It’s All the Same, Just Different
Computer forensic experts, judges, lawyers, and eDiscovery practitioners alike are all facing the next big challenge when dealing with ESI. On one level, the new cloud infrastructure seems to hold a dizzying array of both promise and risks. On the other hand, some will argue that the cloud paradigm really does not change anything at all. In the end, both opinions are somewhat correct: eDiscovery and regulatory compliance issues are all fundamentally the same, but the cloud medium does threaten to pose a range of tactical and strategic challenges.
There is an issue that's looming that hasn't really been discussed or addressed yet. That is the role of governance for companies that are consuming the services versus the role of governance for companies that are providing the services. — Joe McKendrick, Independent Analyst and ZDNet Blogger (Gardner, 2009)
Before diving right into the details surrounding cloud computing and the associated electronic challenges, it is worthwhile to examine where this relatively new discipline fits into the larger information governance infrastructure, as a discipline. While many of these definitions are still evolving, Gartner proffers the following definition regarding information governance:
Information governance is the specification of decision rights and an accountability framework to encourage desirable behavior in the valuation, creation, storage, use, archival and deletion of information. It includes the processes, roles, standards and metrics that ensure the effective and efficient use of information in enabling an organization to achieve its goals (Gartner, 2009).

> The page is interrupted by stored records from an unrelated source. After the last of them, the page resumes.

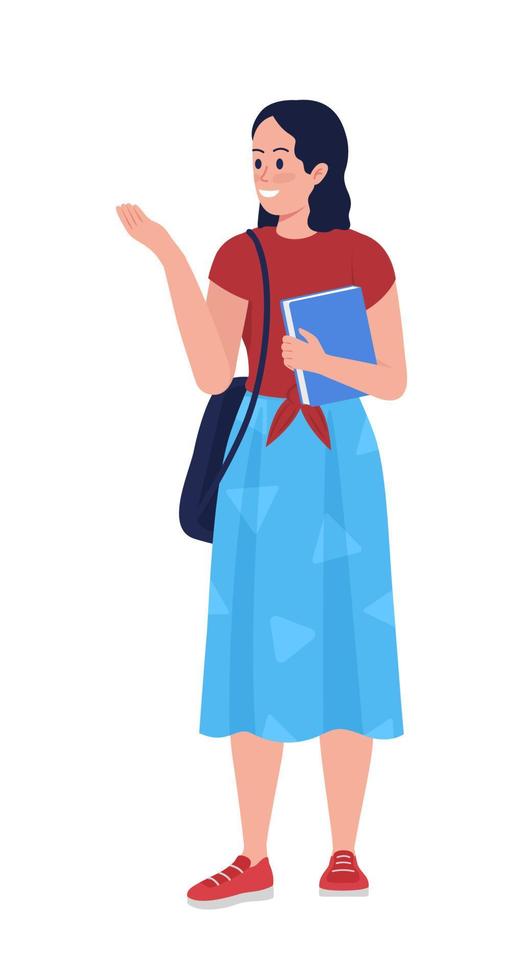 Smiling college student semi flat color vector character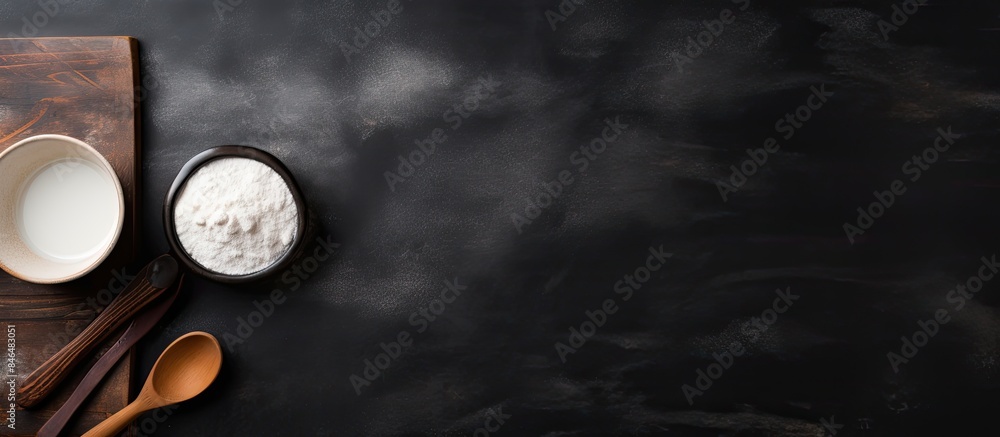 Aufkleber Top view of a black ceramic table with a rolling pin and starch providing a copy space image for text on the side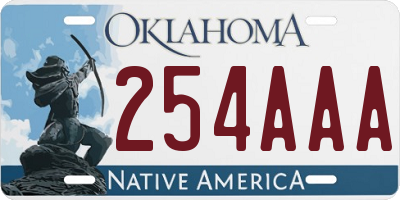 OK license plate 254AAA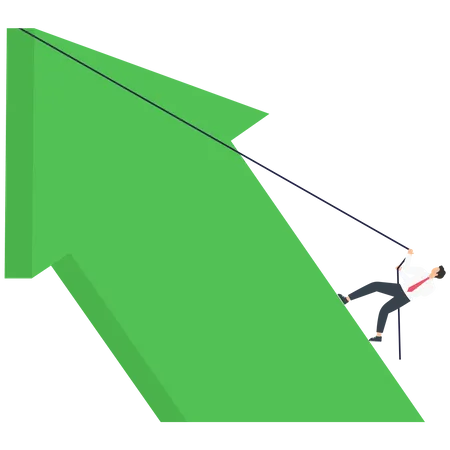 Conquering adversity climbing huge red arrow  Illustration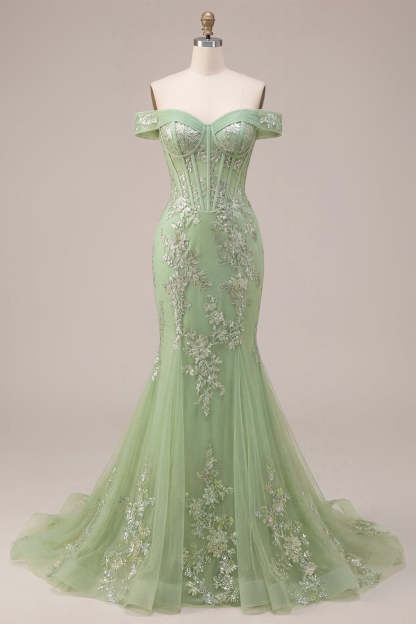 Green Floral Corset Appliqued Long Prom Dress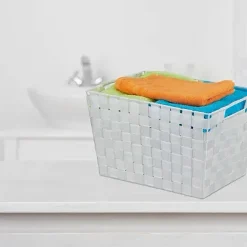 PORTA OGGETTI CESTO IN TESSUTO INTRECCIATO 38X26X25 CM CON MANIGLIE BIANCO 79037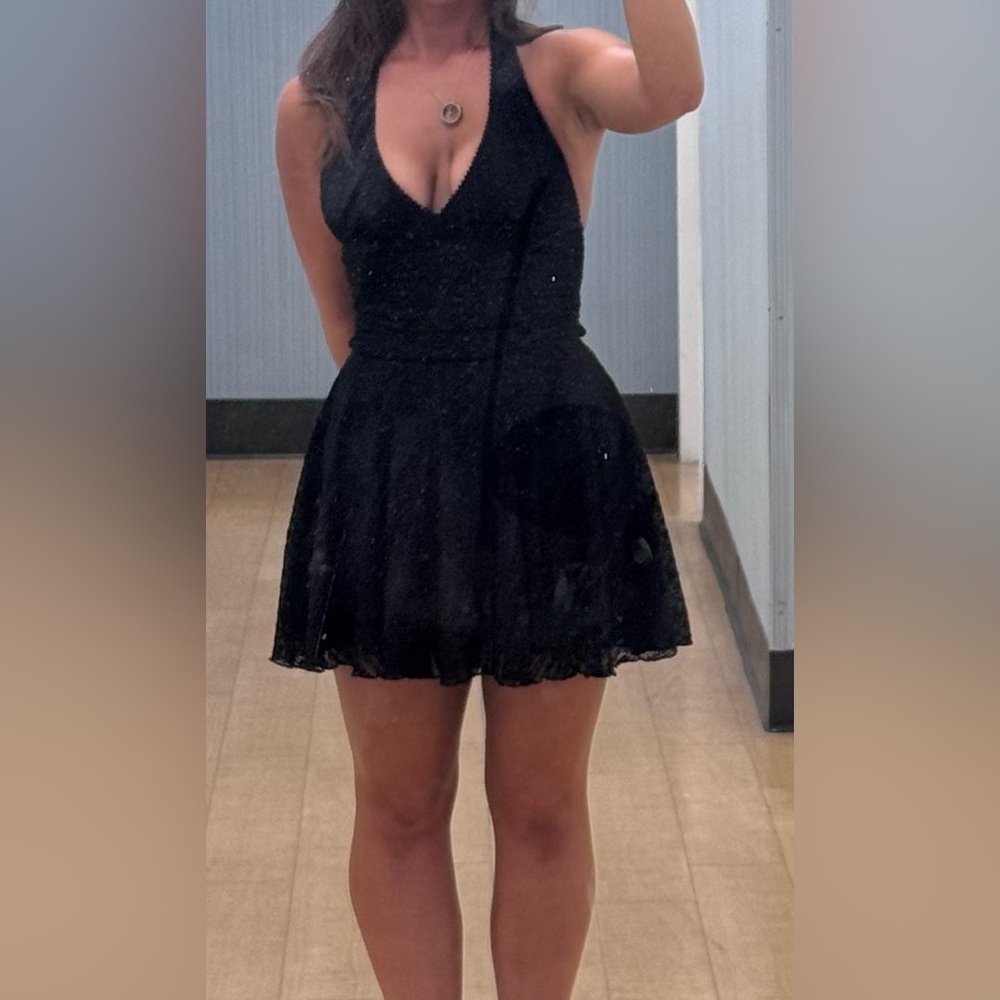 Elegant Black Backless cocktail dress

Similarly, the EDRM organization has attempted to abstract upwards to include notions of governance into their newly promulgated Information Governance Reference Model (IGRM) as shown in Figure 1, which purports to tie various legal duties to the underlying data assets (EDRM, 2011). The purpose is not to conduct a deep dive surrounding the IGRM but to show electronic discovery’s place in the larger landscape.
Figure 1. Information governance reference model (IGRM)2
Regardless of which larger information governance umbrella is selected, there are a wide range of applicable Records and Information Management (RIM) regimes that may apply to a given organization, depending on size, location, vertical orientation, and regulatory posture. These RIM imperatives include SEC Rule 17a-4, FINRA, Sarbanes-Oxley, HIPAA/HITECH, EU Data Protection Act, Stored Communications Act, State Privacy Protection Laws, Gramm-Leach-Bliley Act, Safe Harbor Rules, Dodd-Frank, etc. Beyond the above list there may ultimately be thousands of discrete mandates (at the local, state, and federal level) that govern how ESI must be retained and if and when it may be destroyed. Similar to electronic discovery, records management protocols are media independent and will almost universally apply to the content of the data asset, but not the media format or location.
Within this much larger information governance ecosystem, there exists the relatively new discipline of eDiscovery. Similar to the above discussion, the cloud storage paradigm does not fundamentally alter any obligations surrounding the legal duties, obligations, and requirements, but it may impact the tactics, costs, and speed at which such obligations can be met.